The reason for this is, because you do not get very wet steam by boiling, but in order to make very wet steam, you need to have first of all high velocity steam and then you need to have aggressive cooling of the steam so that pressure and temperature drops few megapascals rapidly.

While this may be a way to make large quantities of wet steam. An atomizer works with a bulb squeezed by hand and some water fed into the air flow. A mister. The idea that this takes very high pressures and velocities is nonsense.

If one wanted to experiment with this, just set up an electric boiler with an outlet like the Rossi reactor, pump water in until it's overflowing. Then heat the water with enough heat to raise that flow to boiling temperature and above. You start out with liquid water, which gradually is raised to the boiling point. If it's total liquid water flowing out unvaporized, at the boiling point, that could be called "saturated steam" of 0% quality. As the heating increases, the steam quality will increase. At the lowest qualities, we have mostly liquid water, but at a few percent vapor, the volume of the vapor is so great that the volume becomes mostly vapor, and this will carry the water with it. I'm claiming that the water, even at 95% of the mass, will be as small droplets. It would look like steam, except to a practiced eye, which would notice the lack of a "dry steam gap."

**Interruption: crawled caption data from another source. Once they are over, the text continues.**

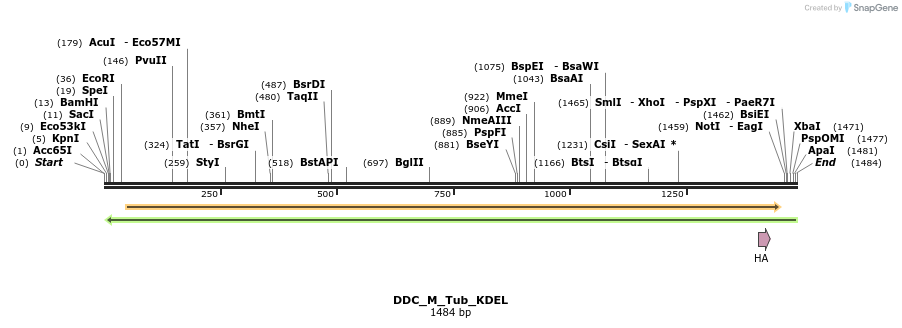 78736_map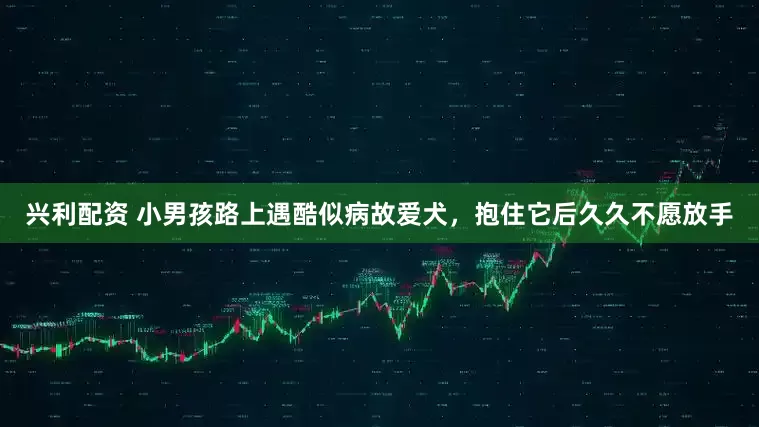 兴利配资 小男孩路上遇酷似病故爱犬，抱住它后久久不愿放手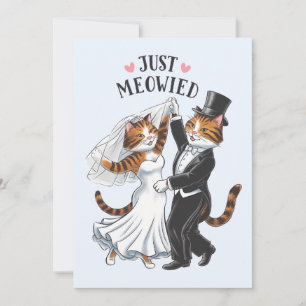 Gerade verheiratete Paare Katze Lustige Hochzeit Feiertagskarte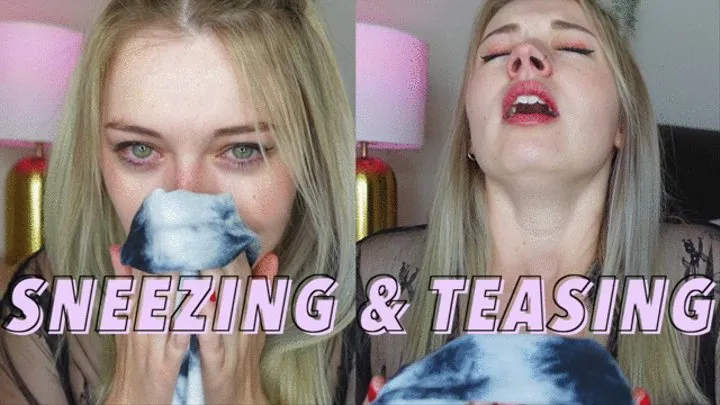 Sneezing And Teasing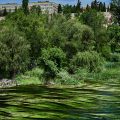 A river full of Ranunculus,&nbsp;Salamanca.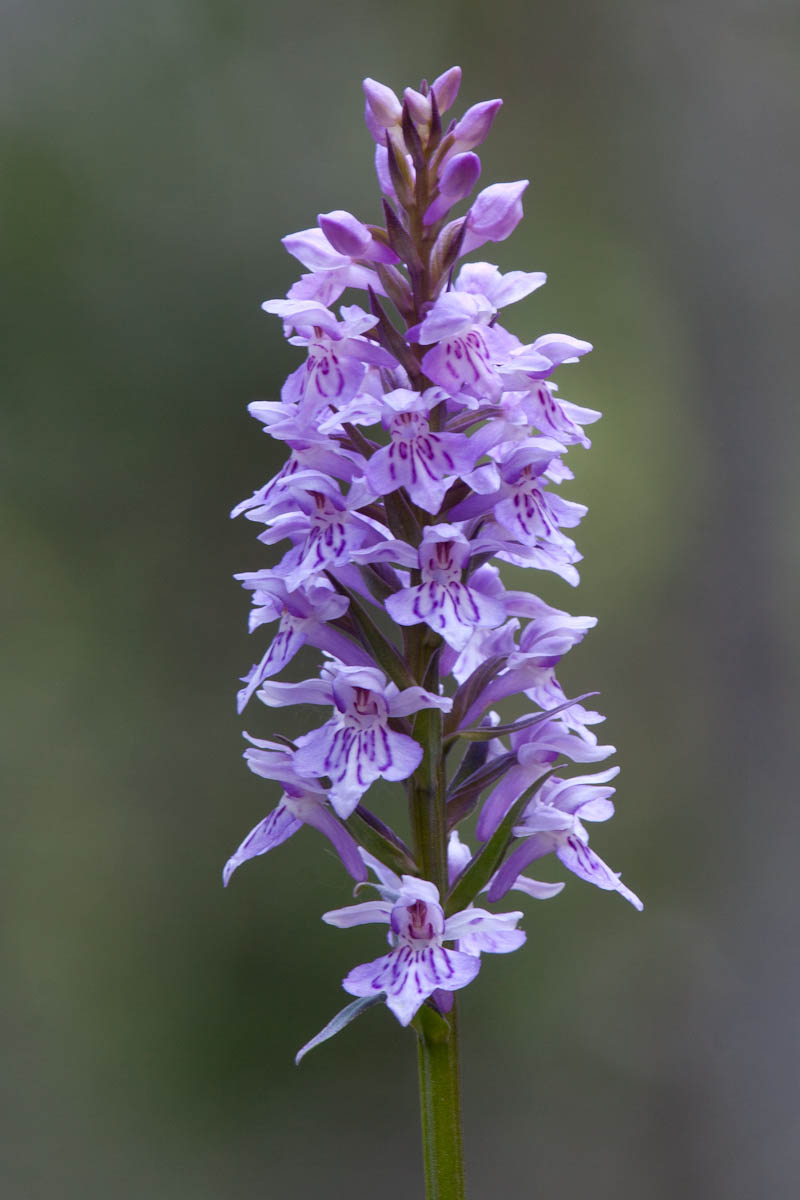 Orchis morio?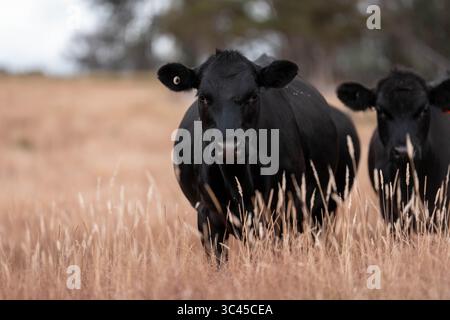 CO2-neutrale Rinderzucht auf einem Freiland auf einem Bauernhof in Australien schöne Rinder in Australien, die Gras fressen, auf Weide weiden. Herde von Co Stockfoto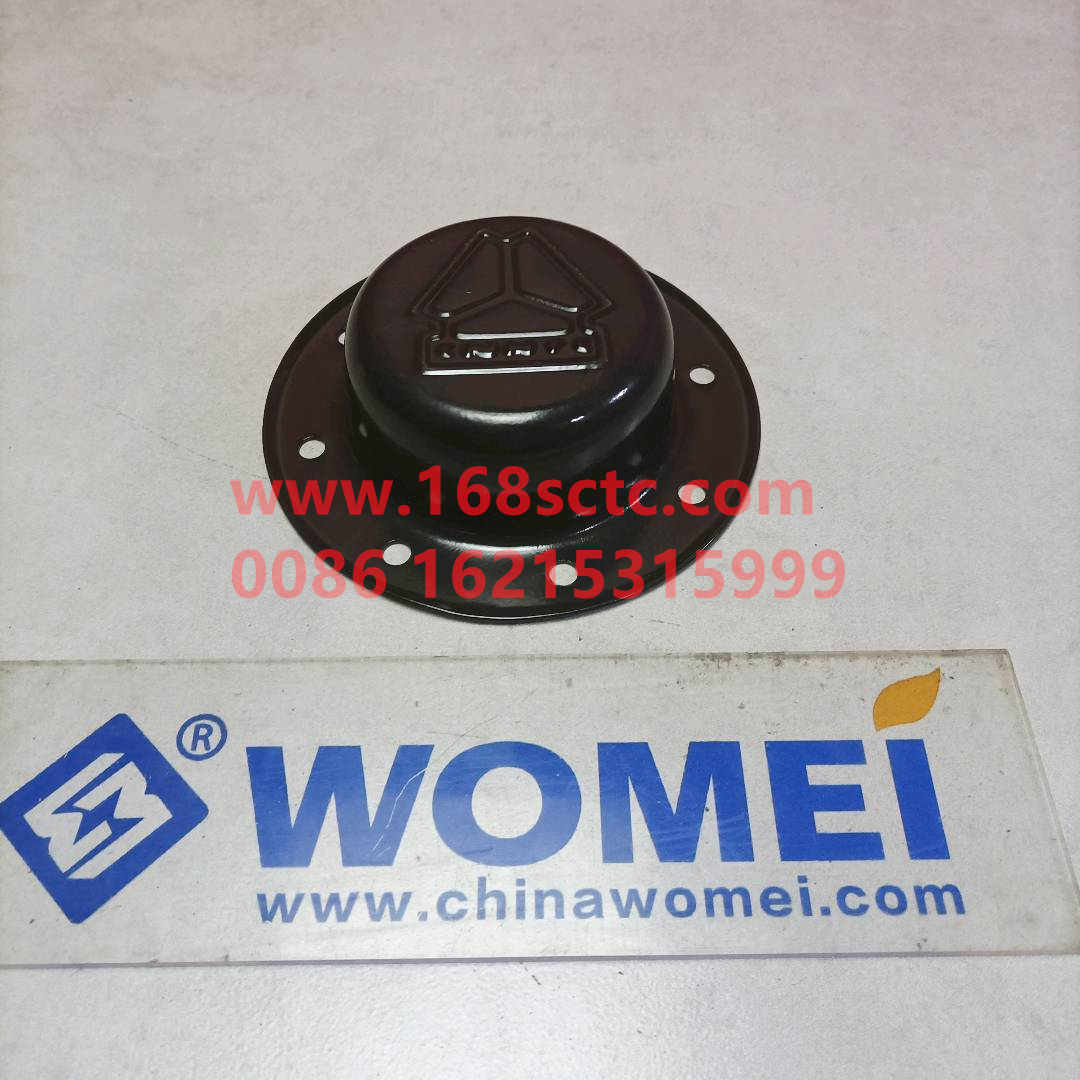 WG9100410043-0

This also how fog is created, when air temperature drops below dew point. But boiling does not produce fog, but it is the contrary, the cooling of the steam. And if you want high water content for the fog in temperatures above 100°C, you need to have very high velocities. (Pressure difference measured in megapascals)

No. Not "very high." That depends on droplet size.

Very wet steam is analogous for super cooled liquid water. Where water stays below freezing, because it has high velocity such as in rapids. You may get very wet steam, e.g. 60% quality steam, in steam turbins, where high pressure steam is cooling rapidly, but velocity is still high. In some experimental settings, i think that even 10% quality steam has been produced, when they have tested steam quality measurement instruments.

Very wet steam will not stay suspended for as long. And boilers are not designed to be atomizers. They simply never raise water into the outlet steam.

Ps. Since there is not much references for "vet wet steam", most of the conclusions here are my own. Therefore, this message may contain minor errors in some details.

Yup. I do not know what droplet size is likely. As the heating raises the water to boiling, and as steam starts to be generated, the water is at first coming out as a solid stream of liquid. But as the steam velocity increases, that will be broken up. The faster the steam, I'd expect, the finer the droplets.